Image result for ed sheeran album divide

Following the success of his 2014 Grammy-winning and best-selling album, the Suffolk singer-song writer, Ed Sheeran has returned with yet another chart topping sensation. Released on 3rd March 2017, the album “Divide” allows us to delve into the life of Sheeran as many of the tracks feature snippets of his childhood, love-life and rise to fame.

“Divide” features sixteen tracks and to round it off, there is even a track exclusively dedicated to Sheeran’s 26th birthday.
Whilst many would argue that the album gives off an “ego-maniac” vibe, at the same time, with his bright ginger hair and adorable, quirky nature, we can’t help but excuse Ed for now!

The album is introduced with “Eraser”, a declaration of intent, mixing hip hop with a chorus of layered vocals (where Ed shows off his rapping skills). The track also addresses – in minute detail – the trials of Sheeran’s life, career and status in the industry. The lyrics mention everything from “singing in the Lord’s house” as a child and the dramatic shift of being without, “a nine-to-five job or a uni degree” to winning international awards.

However, unlike previous projects, Sheeran takes time in his new album to reveal his Irish heritage. The track, “Nancy Mulligan”, is a full on Irish traditional song whereby Sheeran pays tribute to his grandparents, particularly his grandmother (who the track is named after) from County Wexford, Ireland.

This track features Belfast based traditional band Beoga who also feature in the song, “Galway girl”, which depicts a blend of Irish folk tradition and Ed’s signature acoustic pop style. In his lyrics, Ed channels traditional Irish folk storytelling by describing an encounter with a vivacious Galway girl in a bar who “played a fiddle in an Irish band” and danced the night away with him. The instrumental influence is clear in the track, resonating with that of Van Morrisons, “Irish Heartbeat” with the similar fiddle and uileann pipe sounds.
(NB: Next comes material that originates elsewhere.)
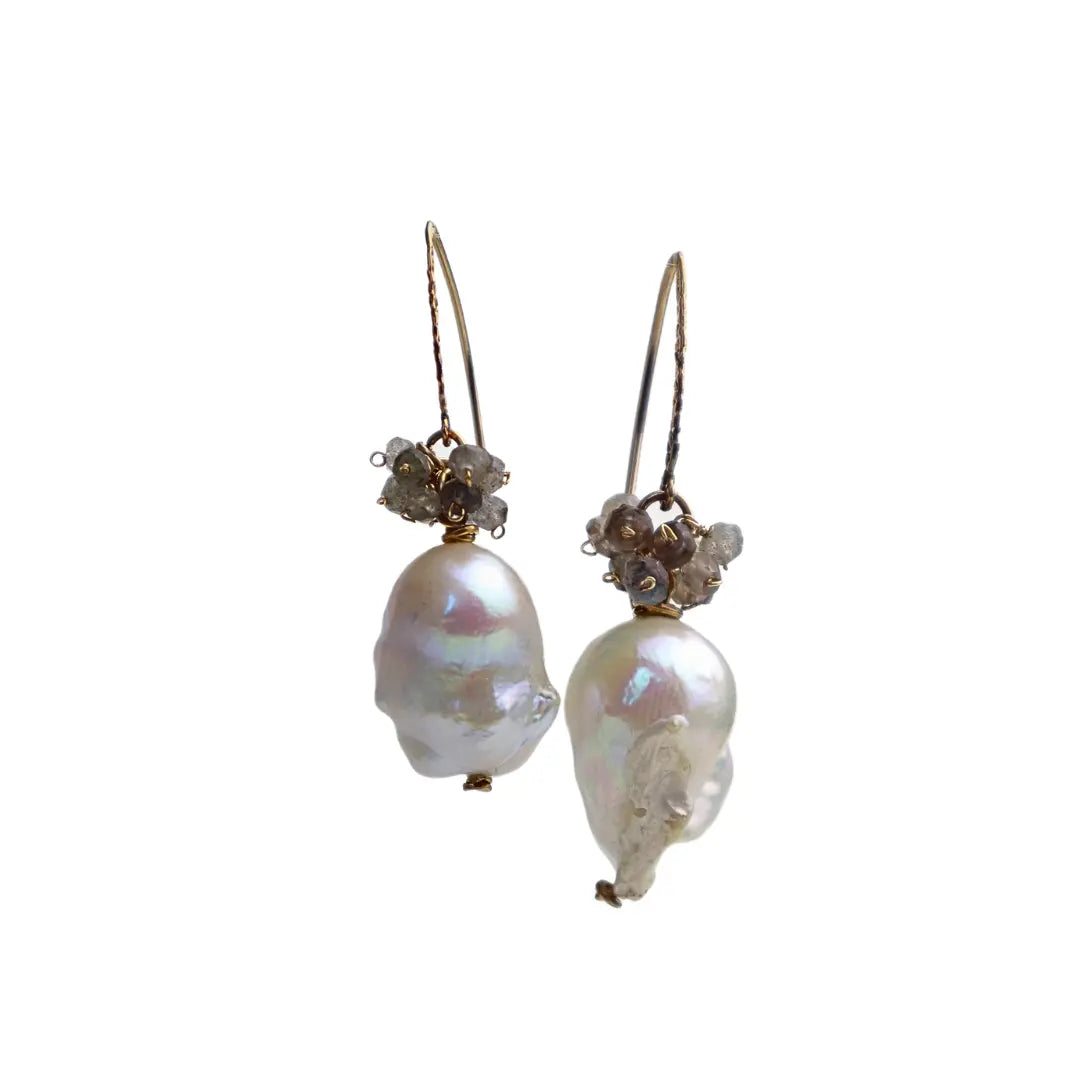 Baroque Pearl & Labradorite   Earring - Image #2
The album features many incredible songs. However, I must admit, the track, “Castle on the hill” (a guitar-driven pop song that pays homage to Ed Sheeran’s upbringing in the English countryside town of Framlingham) is my preferred track of the whole album. The reason being, it is one of those songs whereby you cannot help singing along too, with its catchy beat including Ed’s impressive guitar rifts.
Since disappearing off the radar, Sheeran has returned with his finest album yet in my opinion. It is both well-timed and rip-roaringly fun, another example of his still-evolving craft.